I told her I didn’t understand, that I wanted a reason.

She then became testy, borderline rude, and told me to “just fill it out and bring it back already, OK?” before turning her back on me, disgusted with me and my irritating desire for information, and returning to the conversation she’d just left behind.

I’m going to go out on a limb here and say that quite possibly this woman is not the rude, lazy imbecile you might think after reading my fairly accurate (IMO) account of our encounter.

People (Americans?) hate being asked why they’re doing something, especially with regard to their job. They get mad. They commonly, in my experience, take “why” as a personal affront, a criticism, an insult from someone who isn’t in their shoes and never will be. In America at least, WHY is a loaded gun.

But so often, all we want is an answer.

Let’s rewrite this encounter.

Version one:

Can you look this up for me?

No, we don’t have time for that.

Hm, I don’t understand. No one else is in line, and your office really doesn’t look that busy.

Well, if we looked that up for you, we’d have to do it for everyone, and sometimes we just don’t have time for it. I’m sorry. Can you bring it back tomorrow?

Version two:

Can you look this up for me?

Sure.

Both options took less time than what actually transpired…

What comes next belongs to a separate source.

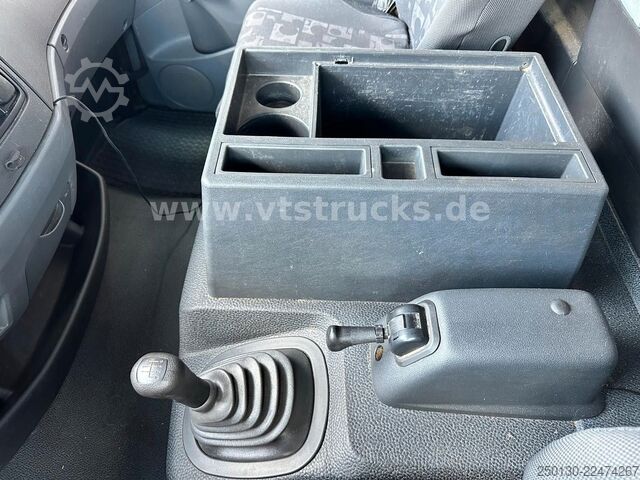 Van chassis MERCEDES-BENZ Atego 822 L Fahrgestell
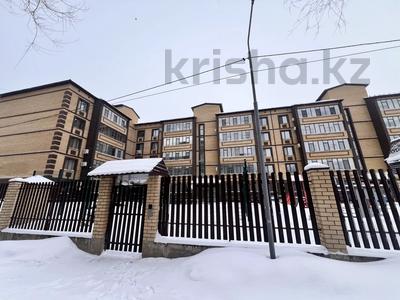 3-комнатная квартира · 121 м² · 1/5 этаж, Сатпаева 15Д за 90 млн 〒 в Усть-Каменогорске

2 responses to “The Worst Question to Ask

  1. What is it about the dynamic of the almighty counter-top between two people? Bartenders, government workers, even cashiers have some sort of implied power and control afforded by this barrier. Even though it’s their job to serve and be helpful, somehow this mostly psychological tool says to us “don’t you dare…” And if any one of us were to make the drastic commitment of leaping over the bar/counter, a storm of consequences would rain down upon us. We all know this implicitly; a cautionary label or sign is rare. I’ve found that the only way to equalize this relationship is to disingenuously turn on that submissive charm we all possess; “…I don’t know how you do it; you must be very busy, but is there any way…?”

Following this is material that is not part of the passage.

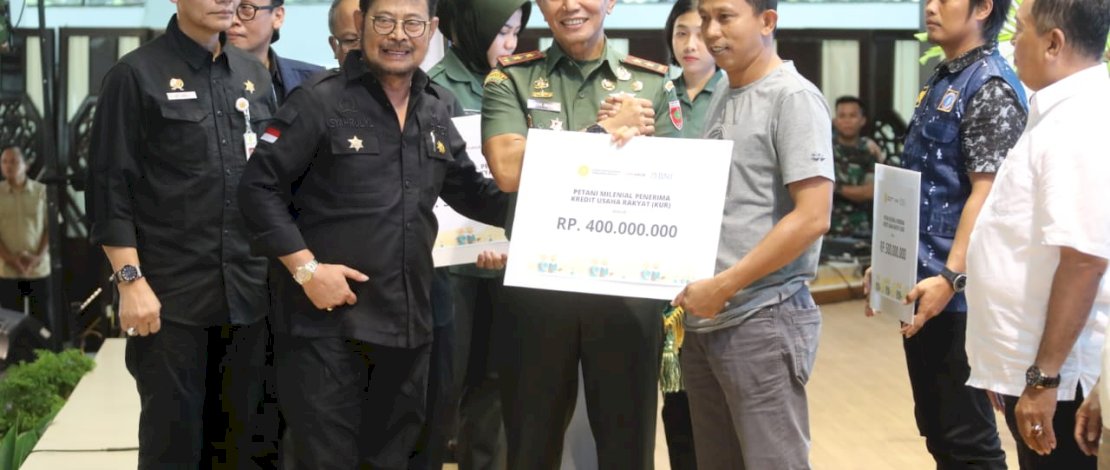 Kementerian Pertanian bersama dengan TNI AD khususnya Kodam XIV / Hasanuddin, mengadakan Pelatihan dan Bimbingan Teknis (Bimtek) Pertanian bagi para personil kodam XIV/Hasanuddin. Kementerian Pertanian bersama dengan TNI AD khususnya Kodam XIV / Hasanuddin, mengadakan Pelatihan dan Bimbingan Teknis (Bimtek) Pertanian bagi para personil kodam XIV/Hasanuddin.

  2. I had a similar experience with a cashier. I was using WIC coupons to purchase cereal. When the computer beeped a negative response to my box I was told that it was not approved. I was prepared this time (as I had not been in the past) and showed her the form which proved it’s approval. She tried to tell me it was the type of cereal (not possible, the tiny picture was there, barking approval) then the size (again, tiny picture in WIC brochure, with approval). When I insisted, I was told that she would have to get her manager to approve the transaction. I told her I would wait. I had to wait for two managers, the second of whom was very polite and approved the silly box of cereal. The cashier refused to use her brain and insisted on using the computer’s brain (which was obviously programmed with someone else’s brain).

    Thank you for pointing out the misuse of “power” some of us fall on to get out of being polite. It is a good reminder to take a moment and dare to ask “why?” or “why not?”.